Forse prima di imbarcarsi in una avventura come il mortimonio, dovrei essere in grado di abbracciare tutto un mondo. Il mondo che è questa persona. Una persona con le sue diversità, la sua storia, il suo carattere, la sua educazione, che so i suoi desideri, i suoi sogni.

Invece che capita? Si arriva lì e si dona ciò che si è in quel momento.
Per me tutto quello che è accaduto dopo, non è certo entrato in quella bottiglia. Prima si, versai, versai, nella bottiglia, e quel giorno misi il tappo. Appunto perchè nulla vada spanto.

Non sono mai stato capace, ed è un esercizio durissimo per me, devo veramente essere profondamente innamorato, riuscire a staccarmi da tutte le mie aspettative, creare cioè uno spazio ospitale nel mio animo.

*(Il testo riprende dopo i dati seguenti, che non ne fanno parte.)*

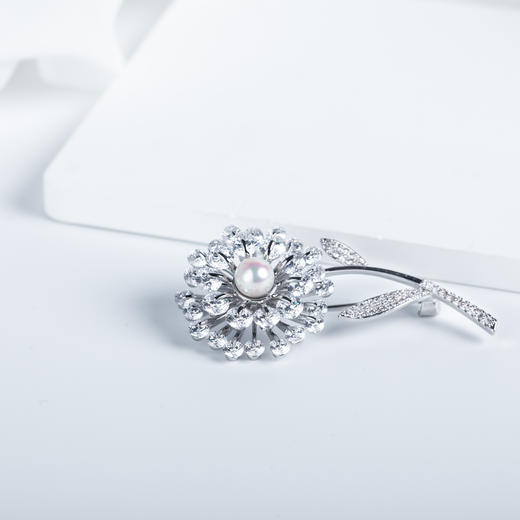 流光溢彩珍珠胸针6-7MM 商品图2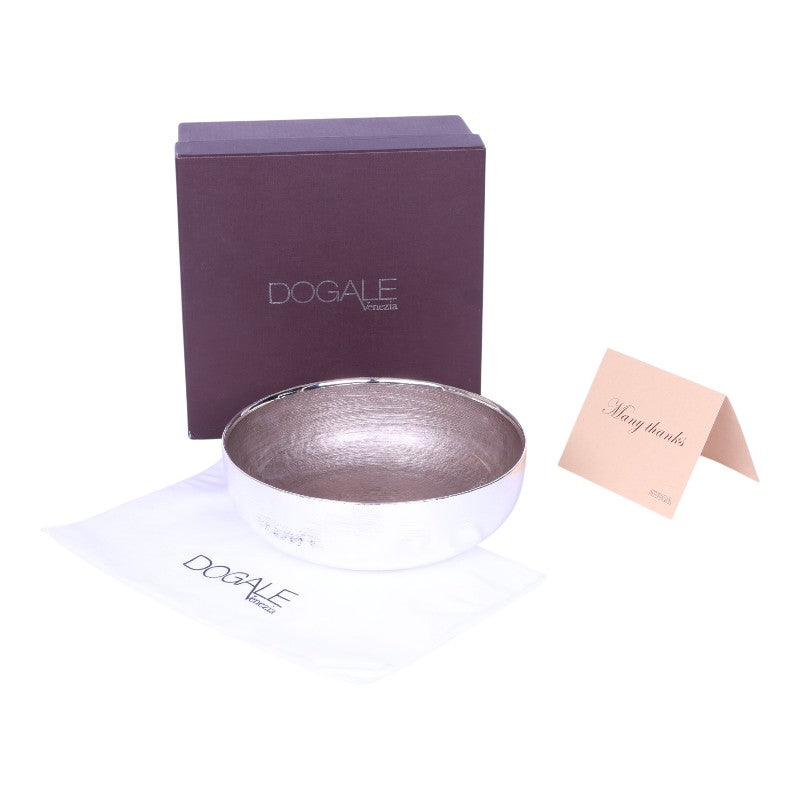 Verzilverde Schaal - Beige Gemetalliseerd - 19,5 cm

Ragazze, c'è il mio io che sta emigrando altrove...la mia prima gloriosa separazione...è da me stesso.

Se noi amiamo, una persona, non abbiamo un perchè...
Già i suoi difetti dovrebbero farci desistere.
Se lo osserviamo bene, non è affatto la riproduzione di un nostro stupido sogno.
Sta persona ha solo dalla sua, la mia stessa dignità e il mio stesso valore. 

Mi sono sempre sentito amato solo per qualche merito o qualche pregio. 
Un errore fatale.
Ora io ho davvero bisogno di sentirmi accolto, amato, forse con una certa limpidezza e da un cuore sincero.

Se io avrò la certezza di incrociare questo, non avrò alcuna paura di consegnare il mio me stesso all'altro senza nascondere le mie debolezze e fragilità.

Sono stato solo Diogene con la sua lanterna.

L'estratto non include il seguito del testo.